* **YOUR TASK**
All lines from the one that contains "三七黄芪灵芝孢子粉(三种草药混合制成的营养品——三七黄芪灵芝孢子粉)" through the close of the entries below are to be repeated exactly, without any pictures.

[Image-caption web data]
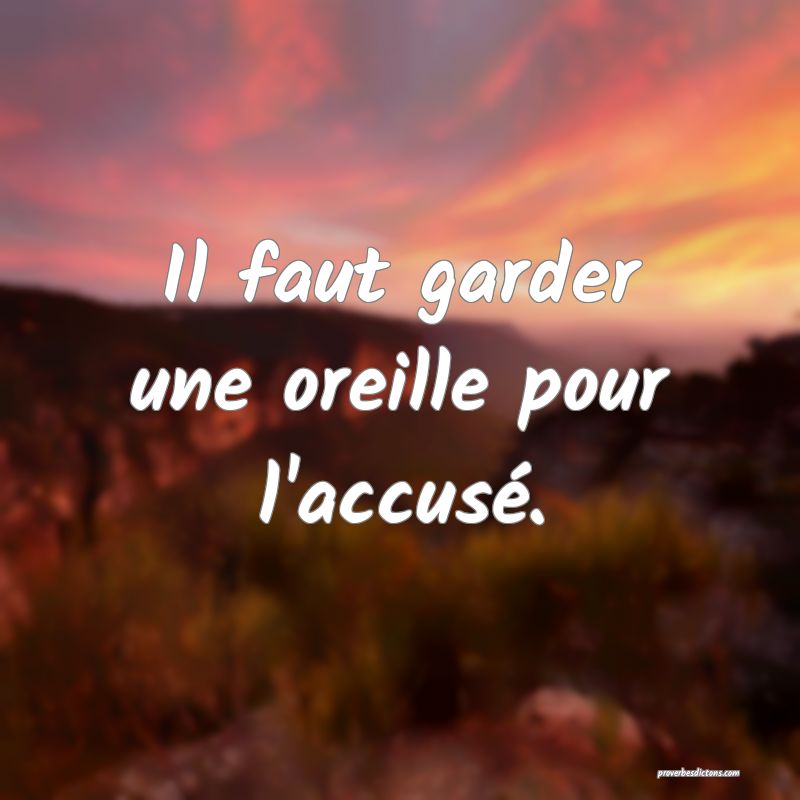 Il faut garder une oreille pour l'accusé.
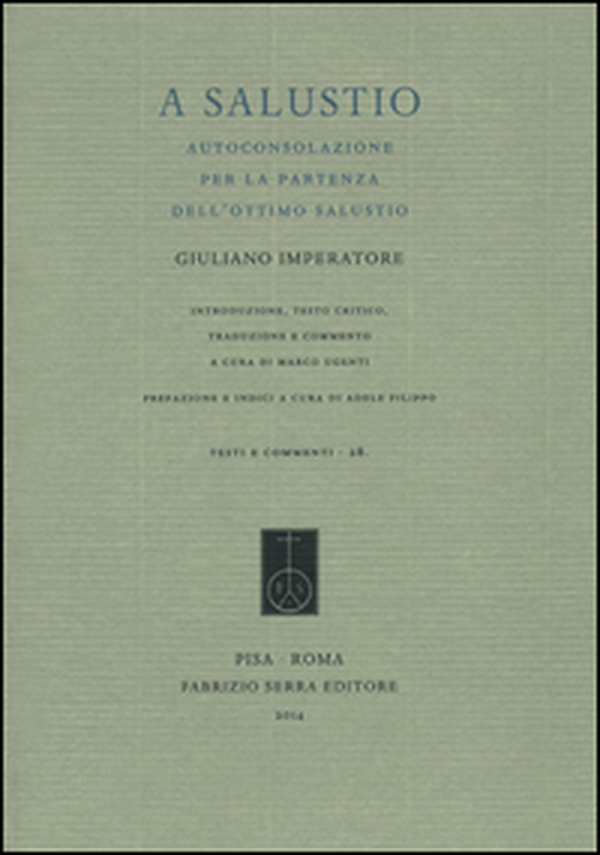 A Salustio. Autoconsolazione per la partenza dell'ottimo Salustio - Librerie.coop A Salustio. Autoconsolazione per la partenza dell'ottimo Salustio - Librerie.coop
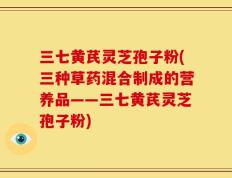 三七黄芪灵芝孢子粉(三种草药混合制成的营养品——三七黄芪灵芝孢子粉)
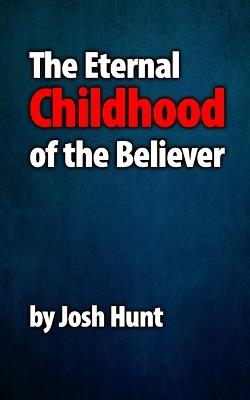 The Eternal Childhood of the Believer - Josh Hunt - cover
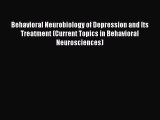 PDF Behavioral Neurobiology of Depression and Its Treatment (Current Topics in Behavioral Neurosciences)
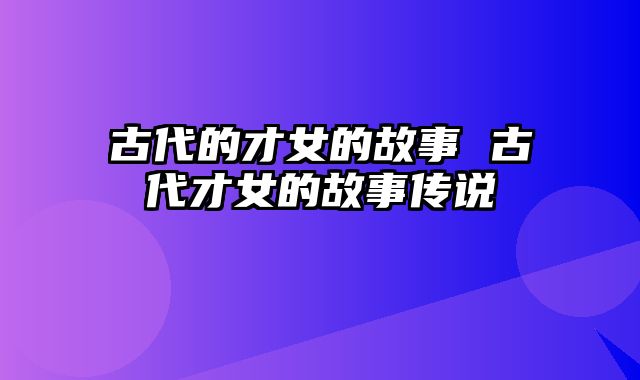 古代的才女的故事 古代才女的故事传说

* **YOUR RESPONSE**
 三七黄芪灵芝孢子粉(三种草药混合制成的营养品——三七黄芪灵芝孢子粉)
 The Eternal Childhood of the Believer - Josh Hunt - cover
 PDF Behavioral Neurobiology of Depression and Its Treatment (Current Topics in Behavioral Neurosciences)
 古代的才女的故事 古代才女的故事传说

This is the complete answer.